Le deuxième film que j’ai regardé était I Come By, le dernier film du citoyen iranien et britannique Babak Anvari.

Deux amis d’enfance, deux graffeurs, se faufilent chez les riches et repartent avec une pancarte au mur disant “Je suis passé”.

Les protagonistes de l’histoire du film sont des minorités vivant en Angleterre. La personne qui les tourmente est un juge à la retraite avec le titre de ser. Quelqu’un qui est respecté dans la société. C’est large autour. On dirait qu’il travaille beaucoup pour les minorités, pour leur bien-être. Cependant, dans le sous-sol de sa maison, il torture et tue des Iraniens ou toute personne qu’il considère comme une minorité.

Lorsque l’un de ces deux artistes entre dans la maison, ils s’en rendent compte et alors qu’ils tentent d’aider le prisonnier, ils ont de vilaines ennuis.

La raison pour laquelle je vous parle du film est en fait un spoiler. Je ne savais pas si quelqu’un voulait lire cette partie.

Sir Judge déteste les gens qui ne sont pas de son origine parce que son père a trahi sa mère et lui-même quand il était enfant. Il emmena un garçon novice dans son lit et incita sa mère à se suicider. Il a également envoyé son petit fils à l’internat. Un petit garçon qui a passé ses meilleurs jours au pensionnat. Ce sont les paroles prononcées par Sir Judge avant de torturer les personnes qu’il avait piégées.

Maintenant à la maison, la photo de son père est accrochée dans un coin avec son air renfrogné et son père voulait qu’il soit Premier ministre. C’est rêveur. Mais l’homme a démissionné lorsqu’il est devenu juge. Il s’est vengé de son père en ne respectant pas sa volonté.
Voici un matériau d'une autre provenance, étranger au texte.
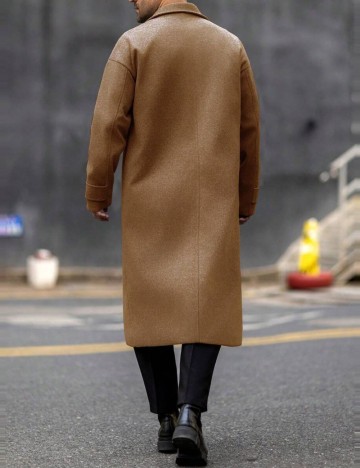 Palton MANFINITY by Shein, maro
Désormais, des meurtres sont commis à l’ombre de son image. Il essaie de réprimer sa colère contre l’étrange garçon qui est venu chez eux dans le passé. Le père est vengé indirectement. Être un tueur en série, pas la personne qu’il veut être, aiguise son appétit.
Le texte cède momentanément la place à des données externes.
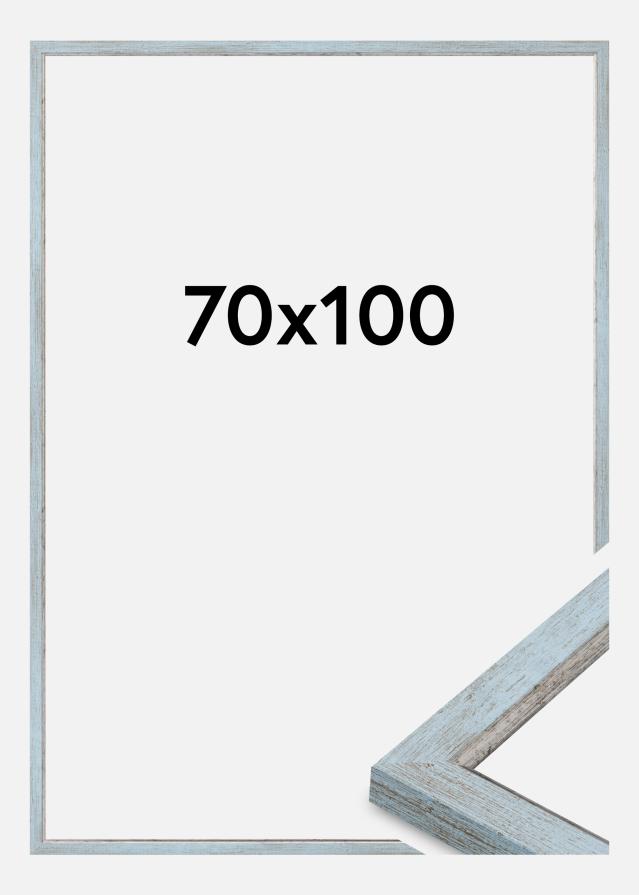 Raam Whitby Akrüülklaas Sinine 70x100 cm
La mère de l’un des graffeurs est psychiatre et travaille avec des enfants issus de familles immigrées. L’un d’eux est un enfant qui a peur du sang et s’évanouit à la vue du sang. Elle veut être médecin parce que sa mère le voulait. Mais son rêve est de devenir ingénieur en informatique, mais il ne peut pas lui dire ce qu’il veut pour ne pas contrarier sa mère.

Il est tellement coincé entre ses pensées et le monde dans lequel il est tombé qu’il finit par se suicider. Cependant, cela échoue. C’est probablement pourquoi le gouvernement l’envoie en thérapie.
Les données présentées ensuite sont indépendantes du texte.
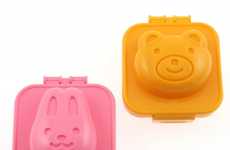 Cracked-Up Creature Molds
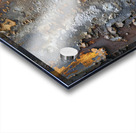 Flaking Acrylic print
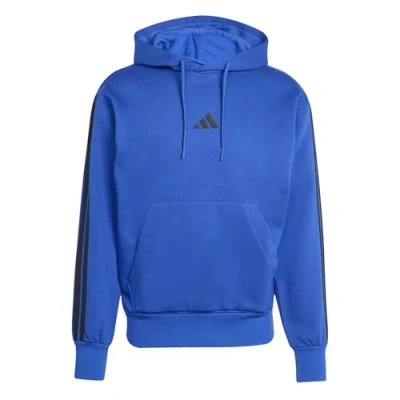 Imagen de Sudadera con capucha adidas Essentials 3 Stripes Fleece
La mère psychiatre dit au garçon que tu t’es suicidé pour que ta famille le remarque, n’est-ce pas ? C’était un bouleversement.

Non, dit le garçon. Je voulais mourir. Je voulais mourir et les bouleverser.

La mère psychiatre ne sait pas que son fils s’introduit dans les maisons et dessine des graffitis. Il le décrit comme un enfant de compagnon sans but et oisif. Il place ses clients avant son fils. Il pense qu’ils essaient de rester en vie. Il le dit en face de son fils.

Son fils cache toujours la télécommande pour que sa mère ne regarde pas la télévision. La télévision est une boîte qui diffuse ses informations sans valeur. La femme en a marre. Il critique son fils, apprenez-vous des choses très importantes sur youtube ?

Et un jour, il se fait virer de la maison parce qu’il n’a pas nettoyé la cuisine qu’il partageait. Il prend également la clé de sa main.

J’en ai marre des familles comme ça.

Il accuse son fils de 23 ans de tout laisser inachevé et d’être capricieux, et quand il ne peut pas s’occuper de son fils, il le chasse de la maison. Ensuite, procurez-vous une télécommande et profitez de regarder la télévision sur le canapé. J’aimerais te dire autre chose, mais de toute façon, je ne suis plus le même qu’avant. Je ne veux plus être juste un conteur.

Les gens semblent s’améliorer avec le temps. Mais certaines choses fondamentales ne changent jamais. Peut-être qu’à l’avenir, les gens ne seront pas fécondés dans l’utérus, mais clonés. Si le rythme de la nature change, le processus sera également différent.

Pour l’instant, il semble que le combat contre l’obus dont vous êtes sorti soit terminé.

Encore une fois, mon message était trop long. J’essaie de m’améliorer et de me changer.

Je veux écrire comme une tablette. Je peux exprimer ce que je veux dire en dragées.

Retrouvons-nous dans les bons jours. Et laissons nos conversations mener au bien.